# Work task
Could you set down exactly the lines of the data below, starting at the one that holds "Be gai bi chan" and ending at the one that holds "महंगा हुआ गोल्ड", both included, and only those?

# Supplied material
_____
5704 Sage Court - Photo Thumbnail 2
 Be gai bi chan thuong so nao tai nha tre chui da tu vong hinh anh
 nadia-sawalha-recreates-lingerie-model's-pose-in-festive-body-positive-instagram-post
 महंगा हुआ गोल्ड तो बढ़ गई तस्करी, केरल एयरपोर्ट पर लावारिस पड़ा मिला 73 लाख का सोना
_____
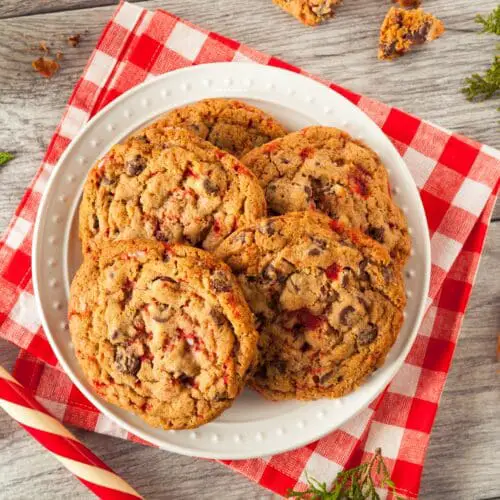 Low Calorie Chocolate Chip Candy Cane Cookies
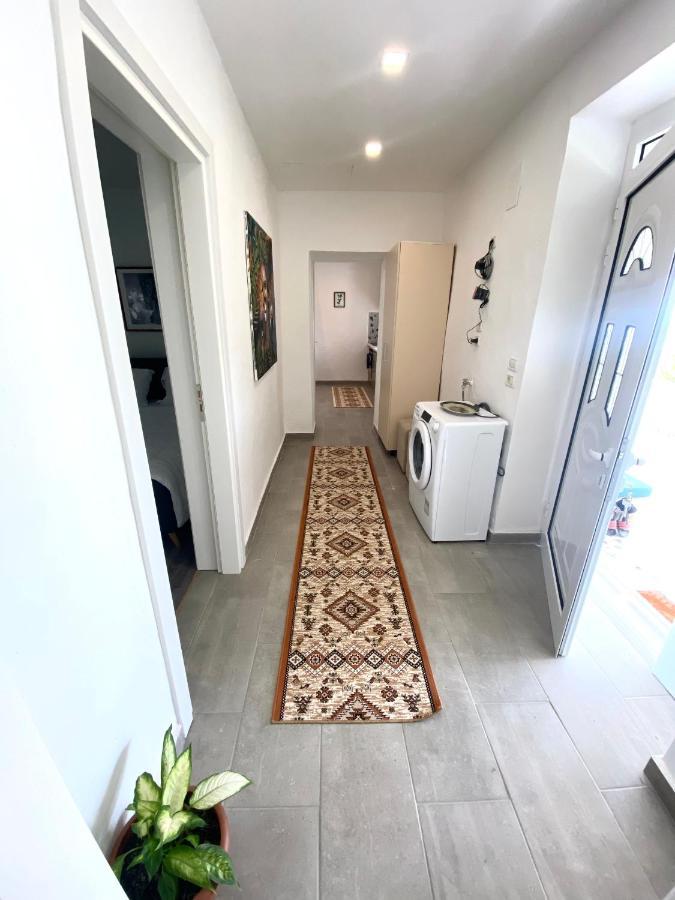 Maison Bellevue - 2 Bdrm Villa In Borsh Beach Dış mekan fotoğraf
_____
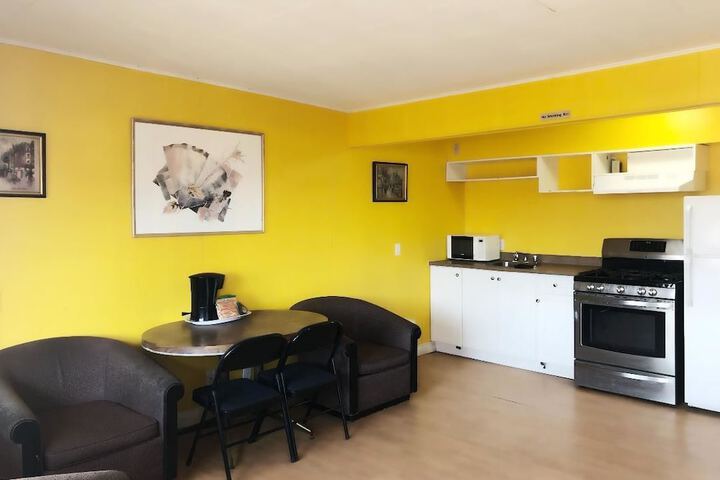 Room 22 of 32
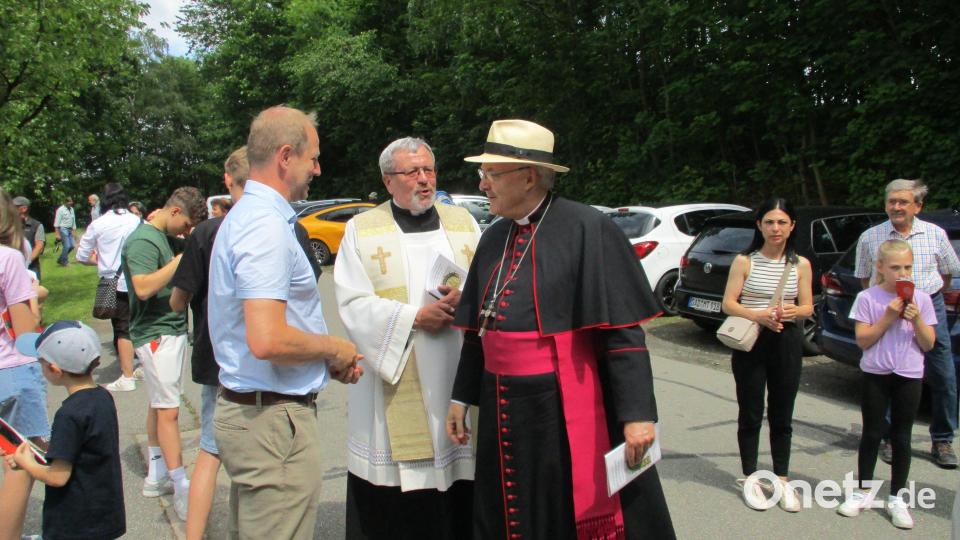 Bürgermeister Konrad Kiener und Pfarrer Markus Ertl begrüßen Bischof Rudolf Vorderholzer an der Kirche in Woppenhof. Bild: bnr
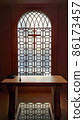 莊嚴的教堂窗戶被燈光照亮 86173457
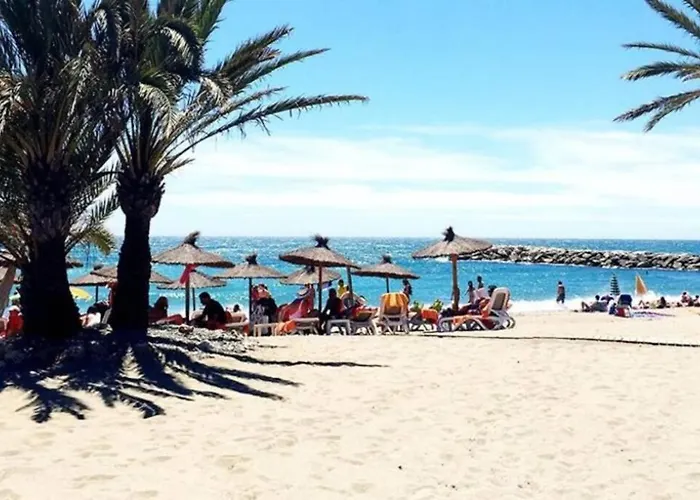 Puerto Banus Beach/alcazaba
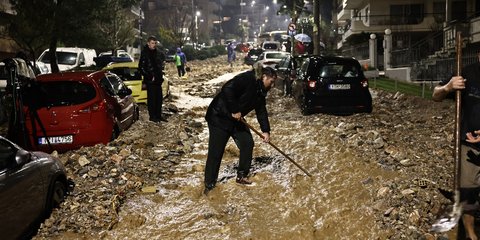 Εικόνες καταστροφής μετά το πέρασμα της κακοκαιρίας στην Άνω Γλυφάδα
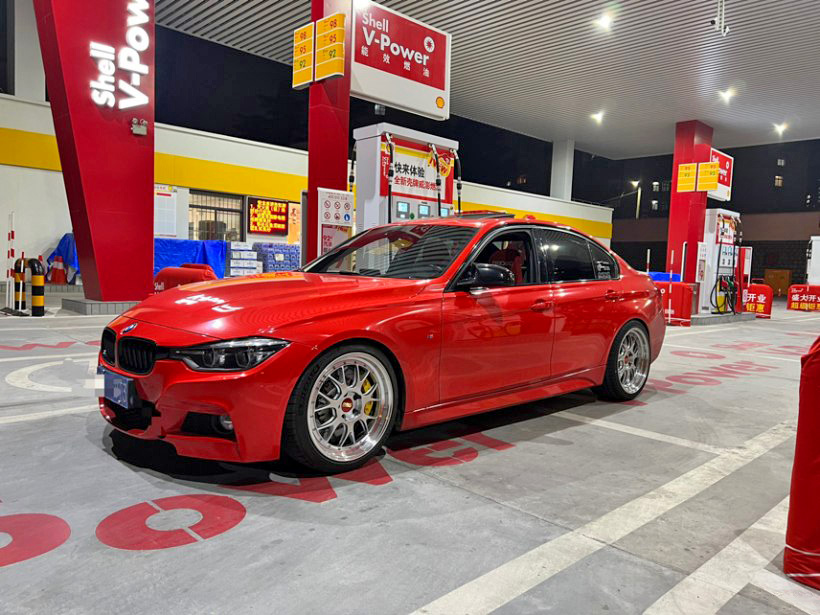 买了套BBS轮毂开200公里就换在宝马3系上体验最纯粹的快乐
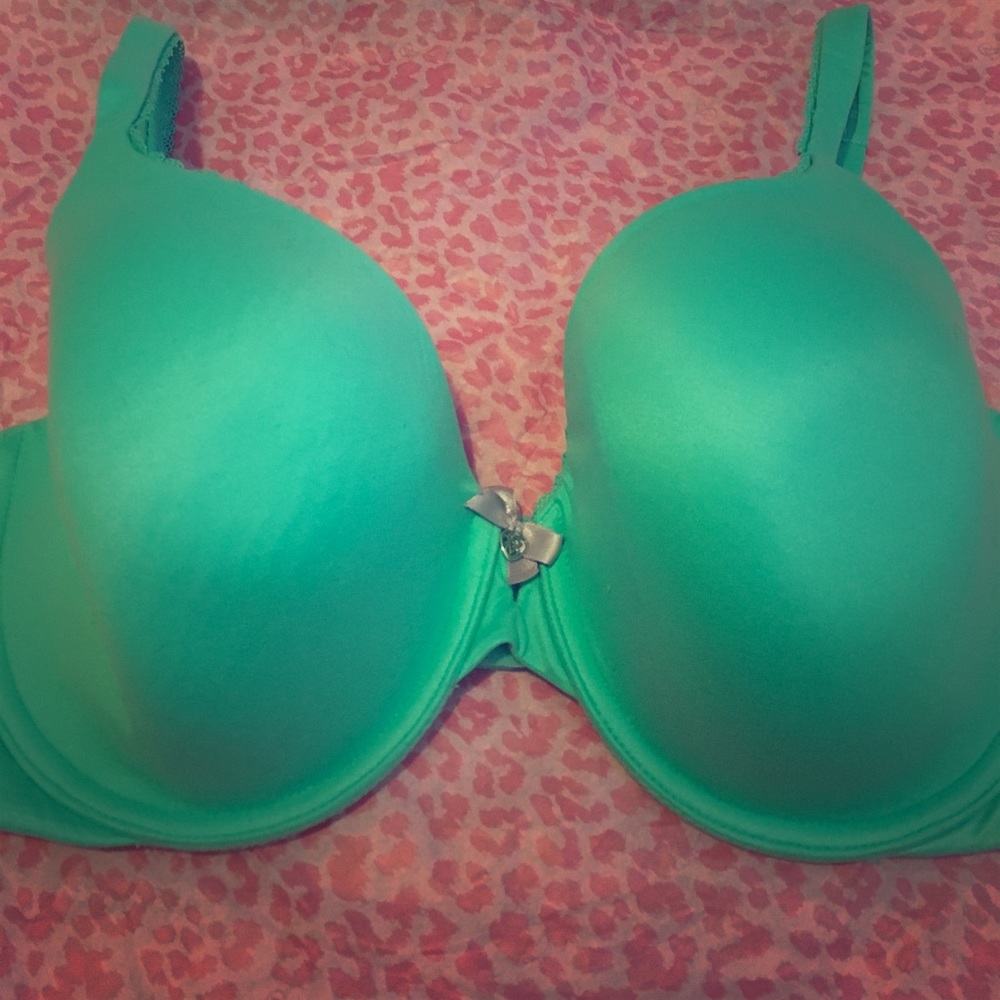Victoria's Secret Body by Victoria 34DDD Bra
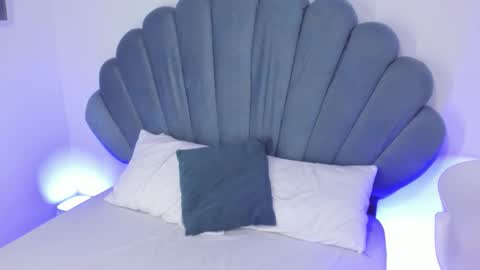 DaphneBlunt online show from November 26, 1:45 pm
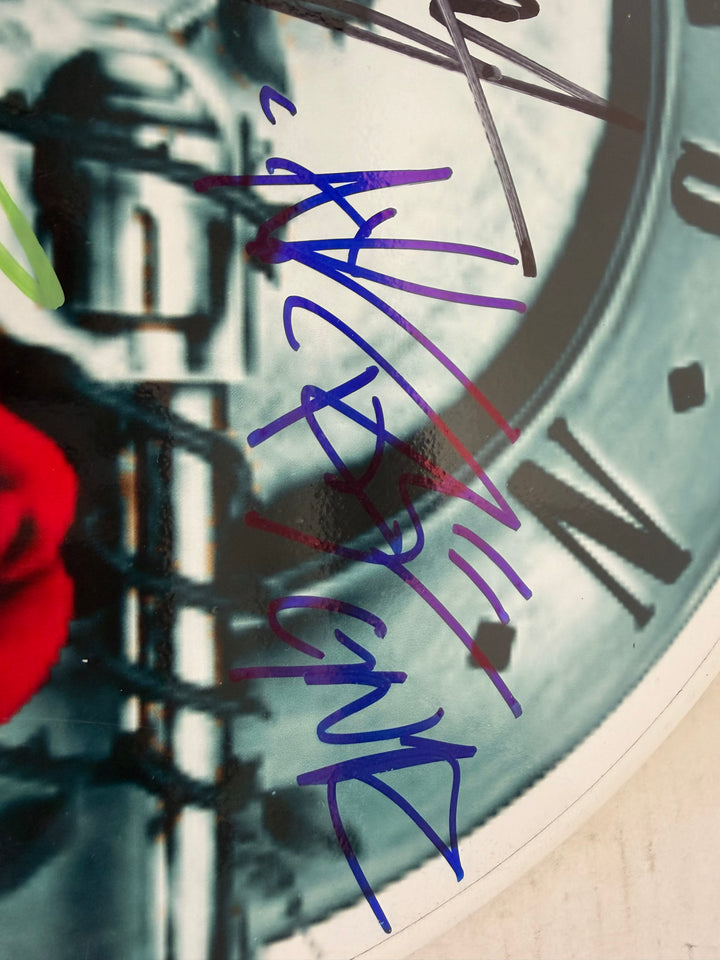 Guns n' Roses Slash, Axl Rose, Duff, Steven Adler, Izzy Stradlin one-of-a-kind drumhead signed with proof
_____
# Answer
 Be gai bi chan thuong so nao tai nha tre chui da tu vong hinh anh
 nadia-sawalha-recreates-lingerie-model's-pose-in-festive-body-positive-instagram-post
 महंगा हुआ गोल्ड तो बढ़ गई तस्करी, केरल एयरपोर्ट पर लावारिस पड़ा मिला 73 लाख का सोना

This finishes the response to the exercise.